And that was an _improvement_ from the original, note - 36 minutes is 470KB per second.
That is literally 1000 times slower than a modern SSD should be capable of shovelling your data. And remember, I/O is s-l-o-w.
I just despair, I really do.
Note that this article sweeps the cost of gzip under the carpet, which I would expect to dominate here. Try compressing with something like LZ4-HC, you'll then be able to decompress at GBs/sec of raw data.
"With Rust in Lambda, each 1GB file takes about 23 seconds to download and parse. That’s about a 78x speedup compared to each Python Glue worker."
There should be no separate "download" and "processing". The whole thing should take exactly as much time as it takes to download the file via stream processing.
Also: https://github.com/facebook/zstd ; better ratios, better speed.
On that matter - does anyone want to start a group that would lobby for making the computation more efficient exactly the same way the greens are lobbying to get rid of single-use plastics?
E.G. as they say about the CGI - computers became more powerful, but the minutes per frame have not generally changed year on year - they've just become more detailed.
A more accurate analogy would be building a 400mph maglev train line and discovering people are riding bicycles down the tracks.
Or that you've built a 400 lane highway but everyone's still stuck in traffic because they each made their cars one hundred times wider.
E.g. Instead of only using a car when you need to get there "now", you start using a car to get some coffee in the central area.
So there is no difference and that's why I mentioned it.
In general though, your analogy is much more true than not, since renderers are mostly optimized as much as possible.
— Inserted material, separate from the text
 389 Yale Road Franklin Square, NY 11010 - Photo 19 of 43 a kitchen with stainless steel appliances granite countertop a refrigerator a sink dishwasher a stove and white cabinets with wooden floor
I'd also expect gzip to dominate CPU time, but this doesn't matter much when CPU time is basically free. Sometime in the future (or today, if you're Google) it'll be important to parse logs at GB/sec. For most businesses, today, it's not really.
If your goal is GBs/sec then first look at your I/O speed. It's probably less than that off a standard single SSD => you need to compress the data with an algorithm which offers very rapid decompression. A quick Google would find you things like zstd and lz4. You may infer that to get to GB/sec you might need multiple threads, and therefore to chunk your data somewhat.
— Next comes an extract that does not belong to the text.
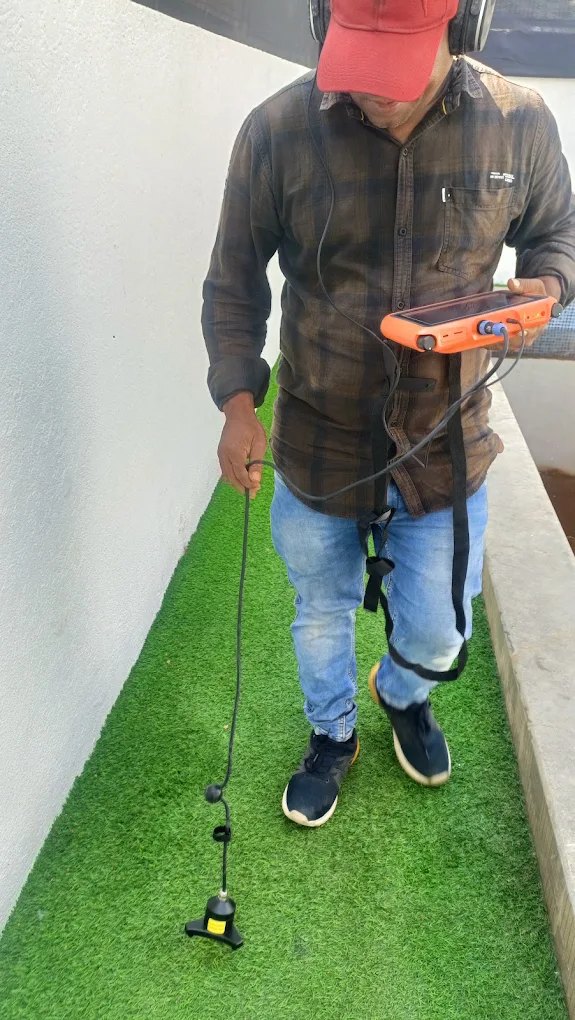 Laxman Enterprises technician wearing headphones and walking a Mumbai terrace with an orange acoustic leak-detection unit and ground probe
Beyond that, it obviously depends what you're doing with your data. Assuming it's plain text/JSON, but you want to extract dates and numbers from it, you'll need to parse those fast enough to keep up. (Naive datetime parsing can be slow, but is fairly easy to make fast, especially if your timestamps are sequential, or all for the same date. Lookup tables or whatever.)
You'll want to avoid storing your records in some serialisation format that requires you read the whole file in at once. (E.g. Use one line per JSON object, or whatever.)
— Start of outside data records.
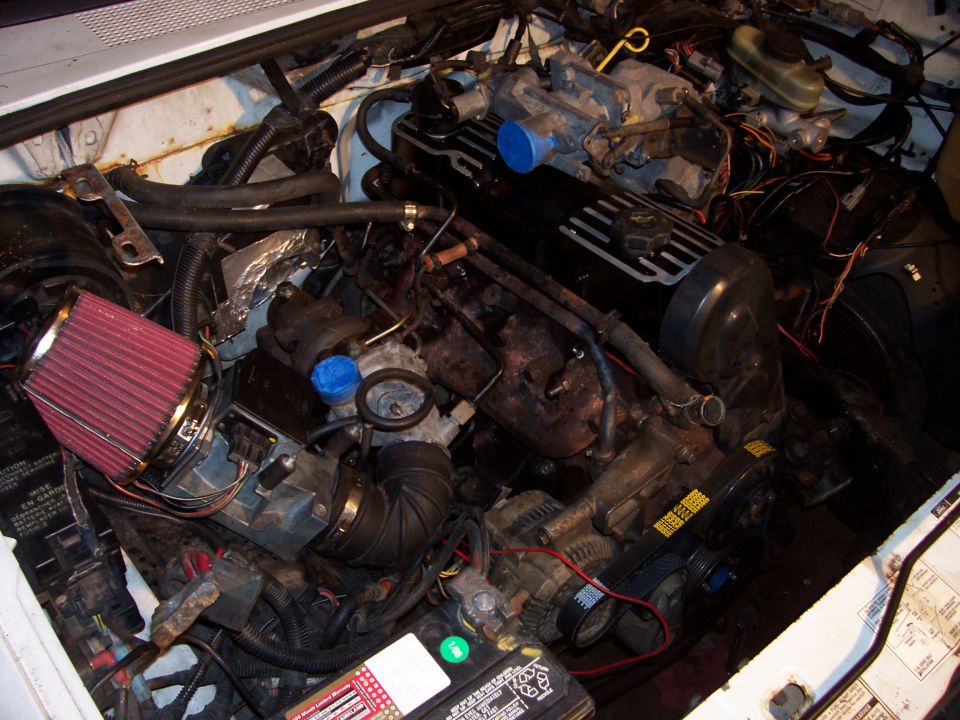 Engine bay with aftermarket red air filter, black valve covers, and visible belts and alternator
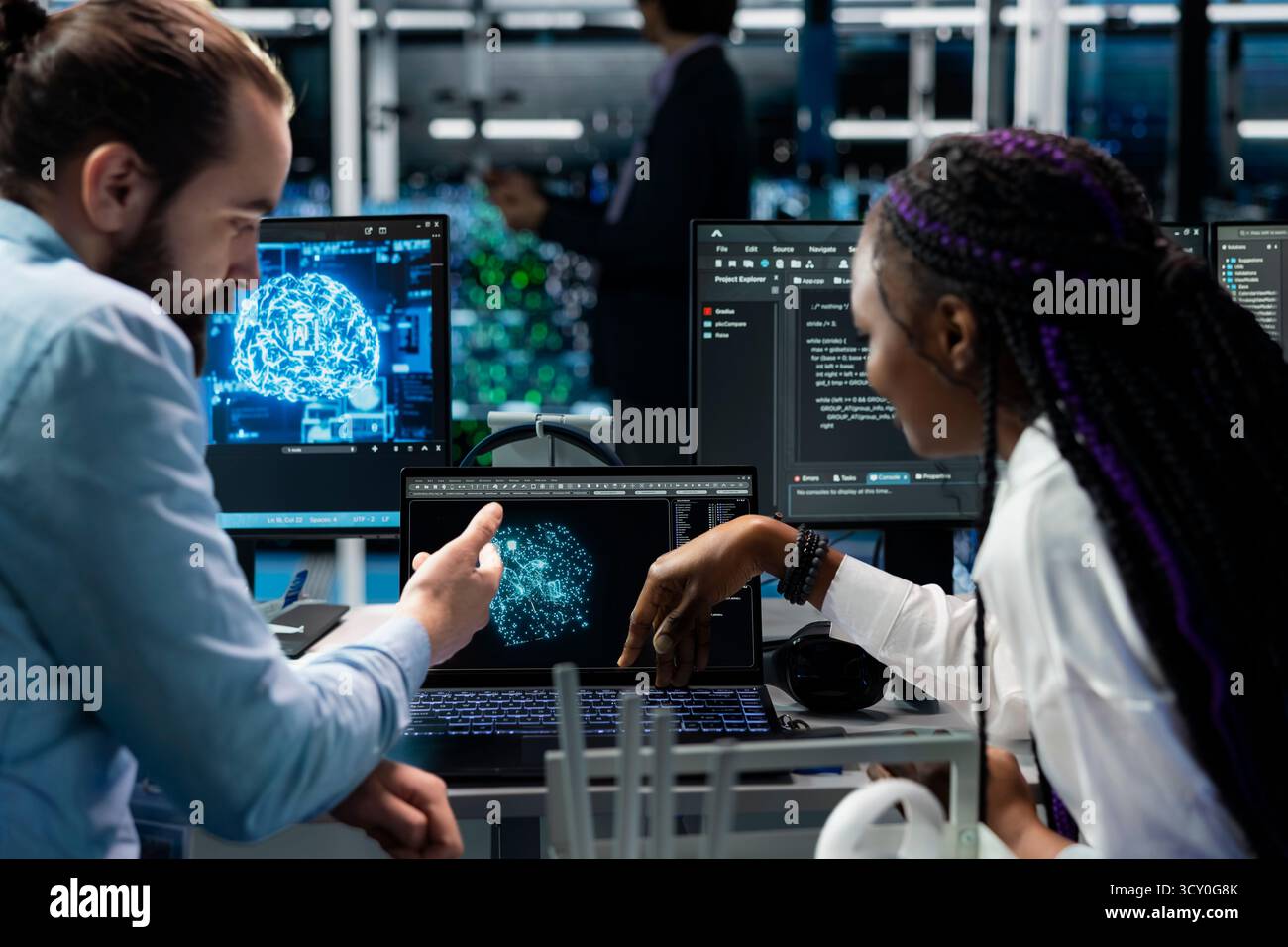 Computer scientists in data center installing upgraded server racks systems helped by AI technology. Server room IT experts upgrading enterprise networks hardware using artificial intelligence Stock Photo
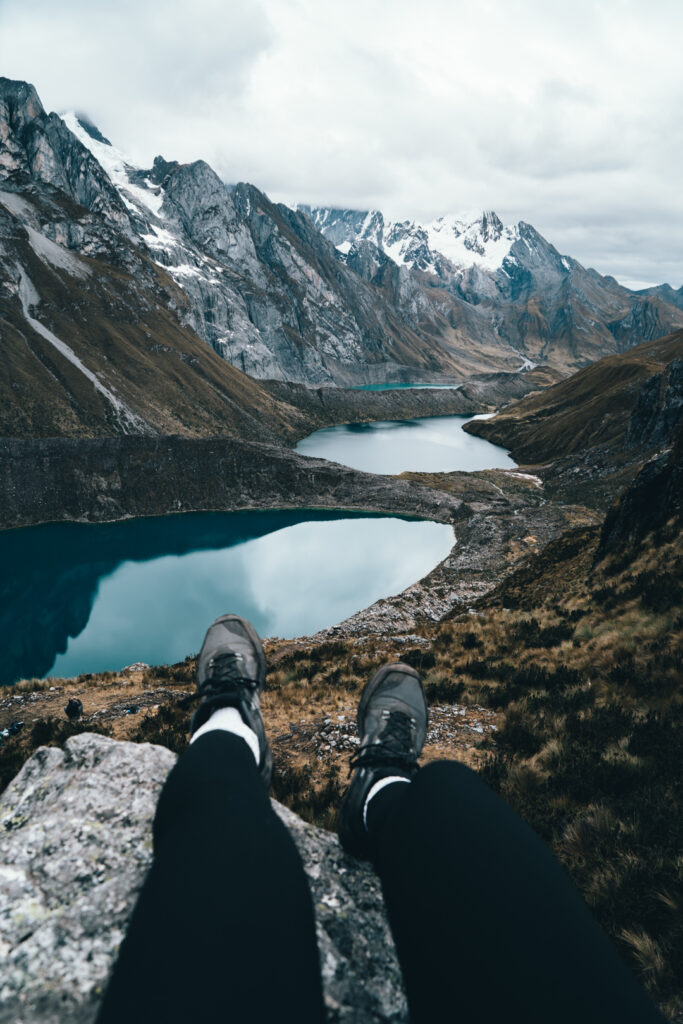 Hiking boots hanging over Mirador de Tres Lagunas or Three Lakes Viewpoint during Cordillera Huayhuash trek in Peru
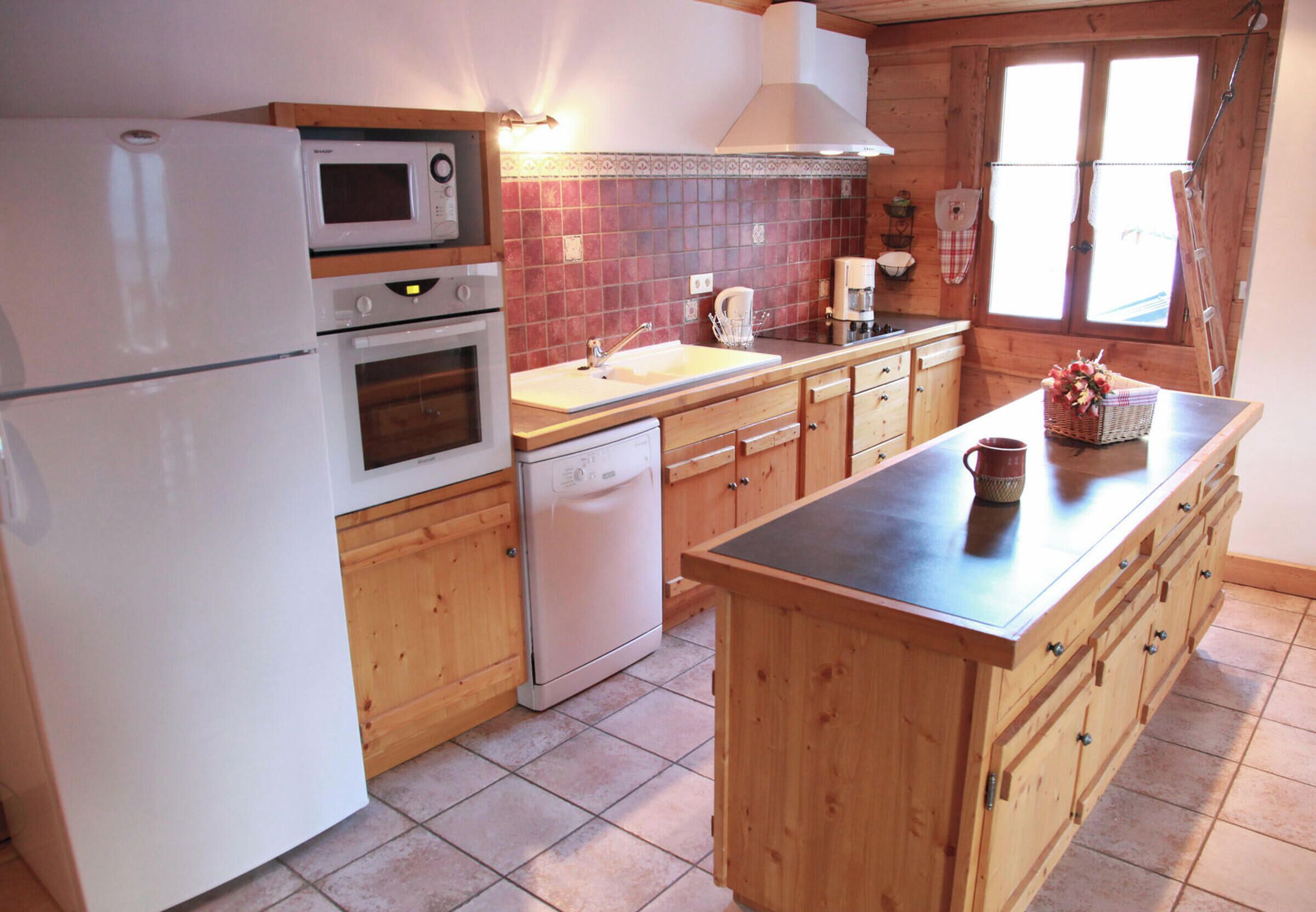 Eine Küche mit Holzausstattung, einer Mikrowelle, einem Backofen, einem Geschirrspüler, einer Spüle und einer Kaffeemaschine.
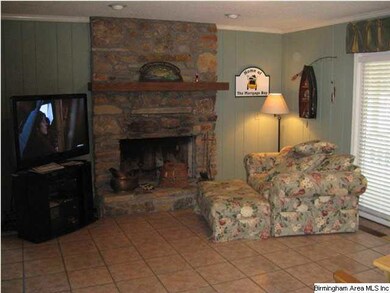 Family room with pretty rock fireplace and sliding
If you do all that, it's hard not to be fast, even with a GC'ed language and all the rest of it.
Everyone goes through a learning process, and in many cases, also an evolution in the requirements themselves. There's absolutely no reason to be embarrassed.
> What we want out of those files is incredibly tiny—a few thousand integers, labelled with names and version numbers. For example, “2018-10-25 Bundler 1.16.2 123456”, or “2018-10-25 platform x86_64-darwin17 9876”.
I'm almost positive that something like Prometheus could do this just as cheaply (run a single Prometheus node on free tier EC2 with a grafana container alongside) - there would be no massive log files to parse, just integers for the desired download counts, collected regularly and viewable in near-real-time (instead of waiting for the day's log-and-parse job to be completed).
I recently replaced a massively expensive "view count" system which was built using bloom filters and hadoop map-reduce with a very small piece of code that called `INCR` and `GET`
against a Redis Cluster - this allowed real-time view counts, for far less money, with exponentially less log storage, massively fewer in-house lines-of-code, and an API that could not possibly be made simpler (no Java or Hadoop or AWS knowledge required)
Why is it developers so badly want to parse lots and lots of access log data, rather than just increment a metric somewhere as an event happens?
AWS Glue feels like a product meant for people who refuse to take a step back and think about what they're building. We also evaluated that and found it would be hilariously expensive, had poor documentation, was a brand new product, had OOM issues, and _still_ people on my team wanted to use it rather than a system actually designed for metrics in the first place.
If that's not the situation your business is in, by all means just increment a counter. It's faster, simpler, and takes much less storage space. It sounds like the RubyGems situation in the article requires new metrics to be added on request, though, and it's really handy if those can be backfilled from previous logs even if you hadn't thought to compute that metric beforehand.
At the end of the day a computer does a thing and counts the thing it did. Why write down what it did in a bloated format that only needs to be picked apart later?
"It turns out serde, the Rust JSON library, is super fast. It tries very hard to not allocate, and it can deserialize the (uncompressed) 1GB of JSON into Rust structs in 2 seconds flat."
1GB/2 seconds = 500MB/s which happens to be the sequential performance of a SATA SSD.
Beyond decompressing gzipped data to then skip most of it there doesn't appear to be any performance problem at all as far as I can see.